Le titre et la nature de l’exposition que Pierre Ardouvin présente au Centre de Création Contemporaine -CCC- entretiennent, comme souvent pour l’artiste, un rapport étroit. Forme de désenchantement mental sur fond d’arpentage par le corps, La maison vide d’Ardouvin offre l’expérience d’un malaise. Une sorte de trop-plein sensitif, à parcourir une installation à la sobriété inversée par rapport aux émotions équivoques qu’elle procure.
On y pénètre par une cloison blanche sans porte, faite dans un matériau composite en bois de rénovation intérieure, comme on en voit partout. Se retrouve là le recours à des matières simples voire pauvres, très quotidiennes. Cette première étape passée, on enchaîne très vite d’autres cloisons, identiques en tous points, neutres, à ceci près qu’elles sont posées de biais, penchées, instables. Plusieurs de ces parois se côtoient, forment des angles dans l’espace, invitant le visiteur à choisir quel passage prendre pour poursuivre son chemin.
Le son, qui a une dimension importante dans le travail de l’artiste, joue son rôle. Quelque part autour de nous, le bruit de portes qui claquent interroge sans réponse la béance des cloisons. A sillonner ce faux labyrinthe, car il ne s’agit pas tant de se perdre physiquement que de provoquer une errance très momentanée, le visiteur ressent d’abord le sentiment de jouer, de s’amuser au stratagème bricolé d’Ardouvin. Il suffit de croiser quelque visiteur en train de déambuler pour être aussitôt surpris de le voir surgir ici ou là. L’impression d’une action en miroir est saisissante, comme dans une sorte de Palais des glaces où l’illusion se joue des sens de l’appréhension.

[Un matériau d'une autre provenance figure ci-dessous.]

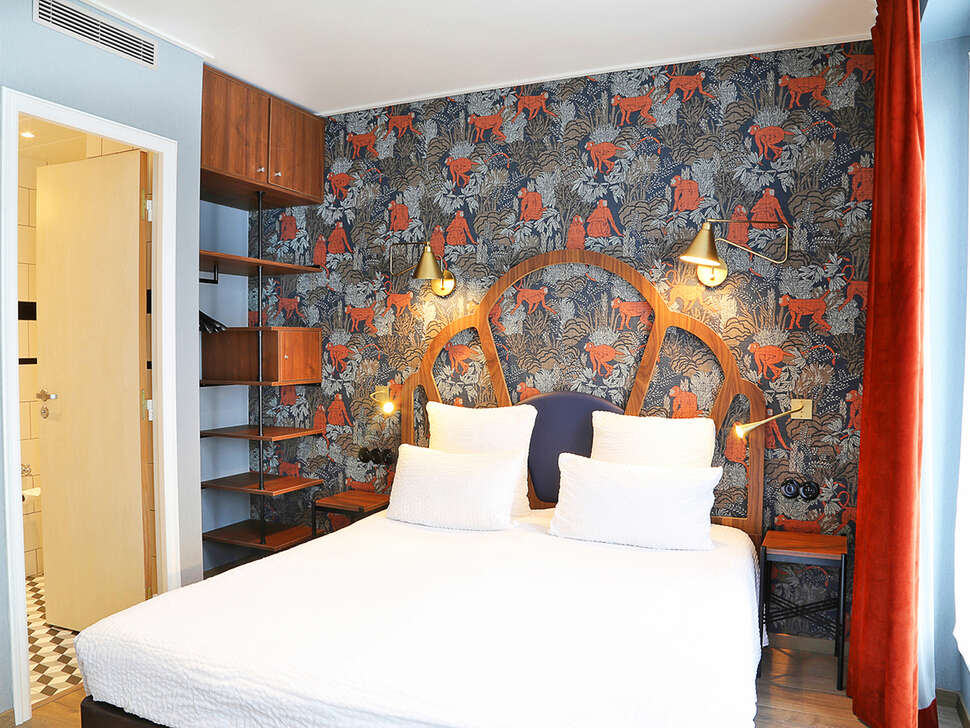 Ein Foto Hotel Andre Latin Paris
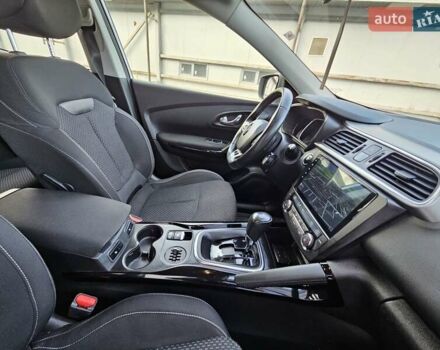 Білий Рено Kadjar, об'ємом двигуна 1.5 л та пробігом 197 тис. км за 15750 $, фото 48 на Automoto.ua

Ce qu’il faut souligner ici, c’est la manière – assez récurrente chez Ardouvin – dont il fait coïncider économie de moyens et sophistication. L’exposition ne tient qu’à ces modules d’une banalité telle qu’ils font forcément écho à notre mémoire collective et individuelle de lieux habités, traversés, fréquentés. Mais ces modules sont agencés, inclinés avec un tel souci de précision que le tout bascule dans une grande justesse de l’effet produit. Peu à peu, le jeu du dédale et du cache-cache – à mi-chemin entre Les Aventures d’Alice… et le De l’Autre côté du miroir de Caroll – se mue en paysage du semblable bizarre et un peu angoissant. Car finalement, où cela nous mène t-il ?
Ainsi qu’il l’a déjà réalisé dans des œuvres telles Nasseville présentée au Palais de Tokyo en 2003 ou Au théâtre ce soir présentée à Art Basel en 2006, Ardouvin plonge et enferme les visiteurs au sein de l’œuvre. Une forme de piège car ici, en explorant, ils se regardent autant que l’environnement dans lequel ils évoluent. Ils font corps avec lui, en participent. Ce renversement de la notion spectacle-spectateur annule la possibilité d’un point de vue avec de la hauteur, englués que nous sommes dans des chemins qui se subdivisent à l’infini pour ne déboucher que sur le recommencement du même.
Le parcours ne créée pas de perspective, d’horizon qui se dégage. Il s’agit plutôt d’une boucle aux méandres hypnotiques qui nous fait – au sens propre comme au figuré – tourner en rond. Ce paysage construit, qui met en avant ses ouvertures pour masquer son caractère fermé, bouclé, ne nous mène effectivement nulle part. L’expérience, où la dimension festive s’est transformée en cauchemar soft, nous renvoie à nous-mêmes, à la seule réalité de notre intérieur, intangible malgré les portes qui se ferment avec fracas. Assez vite, on revient plus ou moins à son point de départ, vaguement nauséeux, victimes d’une perte des repères spatiaux habituels, plongés dans un environnement d’où l’orthogonalité a été chassée au profit de l’oblique. Malmenés après avoir eu envie de se distraire, un sentiment de solitude exacerbé fait rapidement suite au constat du caractère dérisoire des choses. On se retrouve désorienté, pour de bon face à soi. Fini de jouer, par ici la sortie.